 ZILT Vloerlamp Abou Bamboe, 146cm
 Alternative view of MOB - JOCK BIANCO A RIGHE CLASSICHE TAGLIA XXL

--

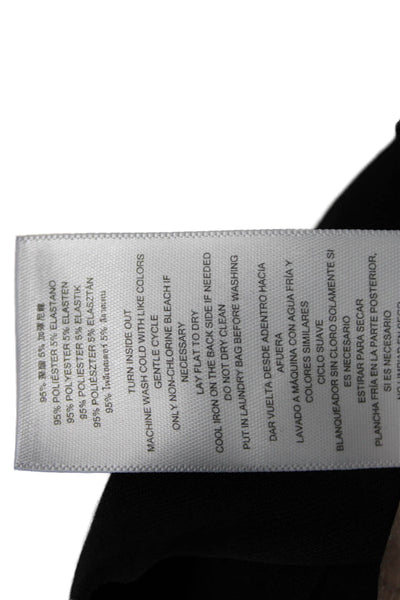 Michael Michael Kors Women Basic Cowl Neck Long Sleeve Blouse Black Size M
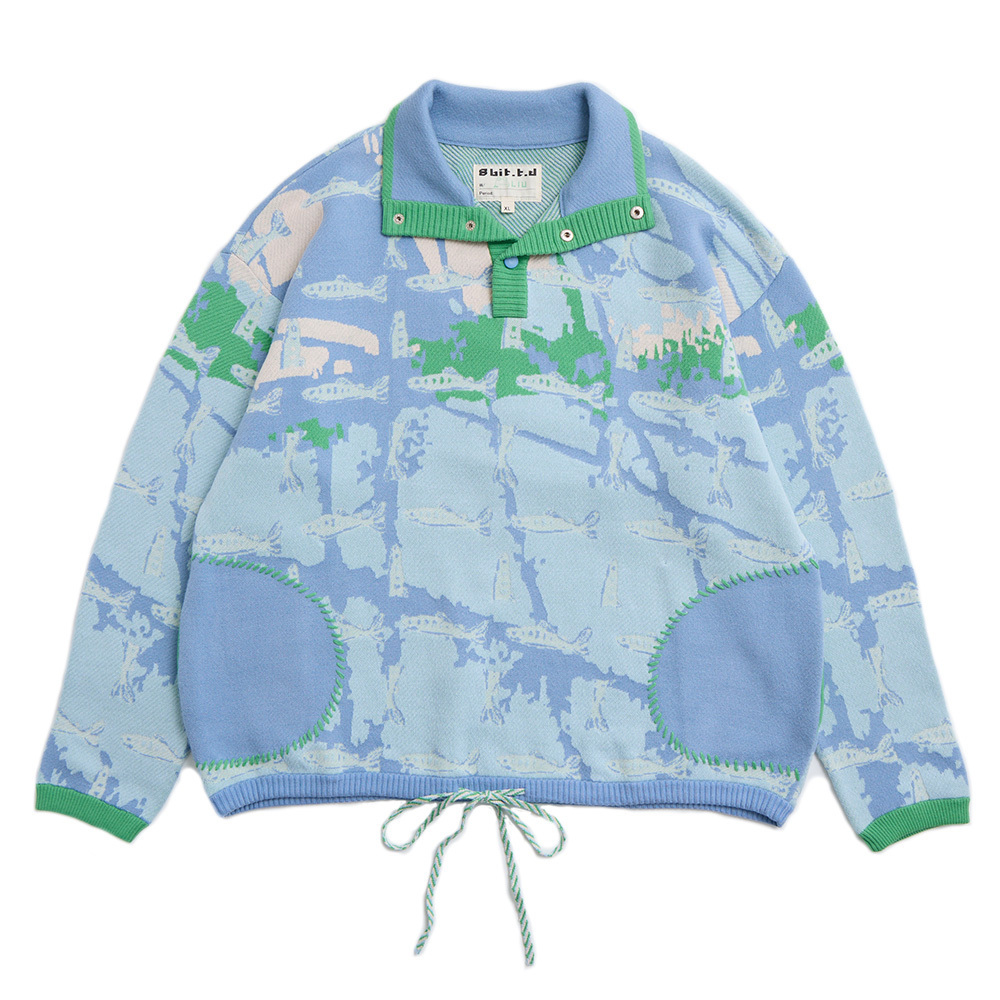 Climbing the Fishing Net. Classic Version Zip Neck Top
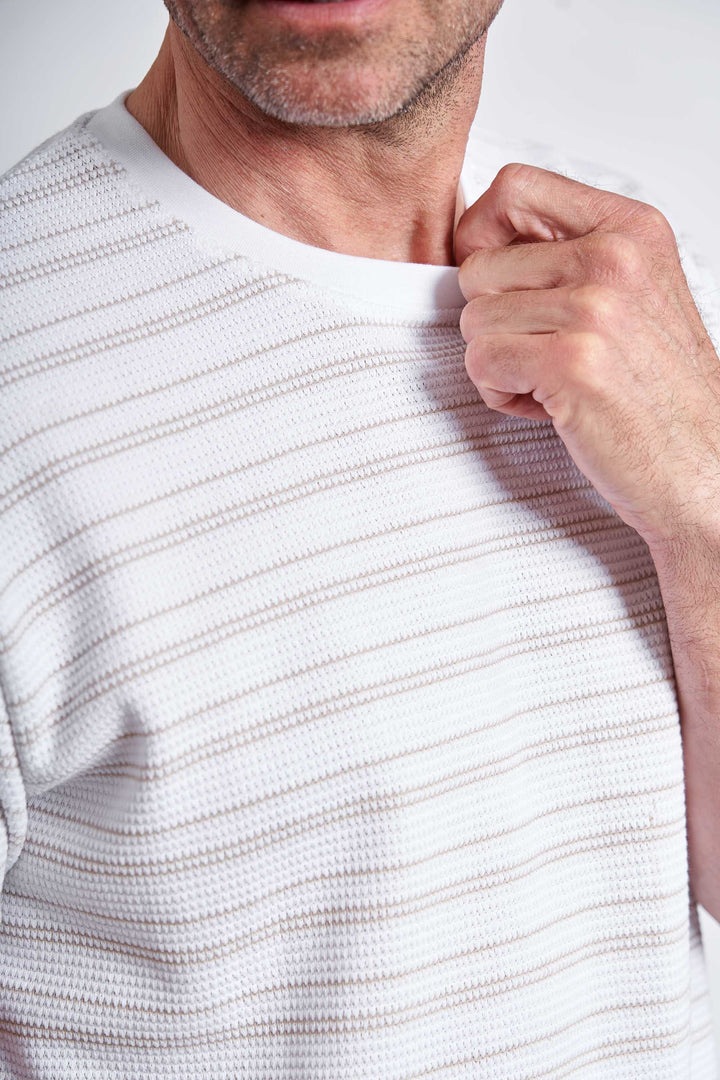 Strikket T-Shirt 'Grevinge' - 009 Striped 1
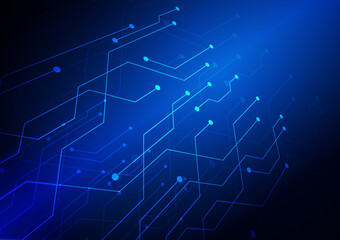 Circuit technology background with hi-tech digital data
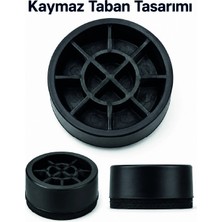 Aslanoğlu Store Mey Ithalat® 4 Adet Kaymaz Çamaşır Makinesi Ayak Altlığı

→ Exercise goal: Only one stretch of the data above is needed. Restate it word for word, from the line containing "ZILT Vloerlamp Abou Bamboe, 146cm" through the line containing "Alternative view of", both ends included.

→ Output for this exercise:
 ZILT Vloerlamp Abou Bamboe, 146cm
 Alternative view of MOB - JOCK BIANCO A RIGHE CLASSICHE TAGLIA XXL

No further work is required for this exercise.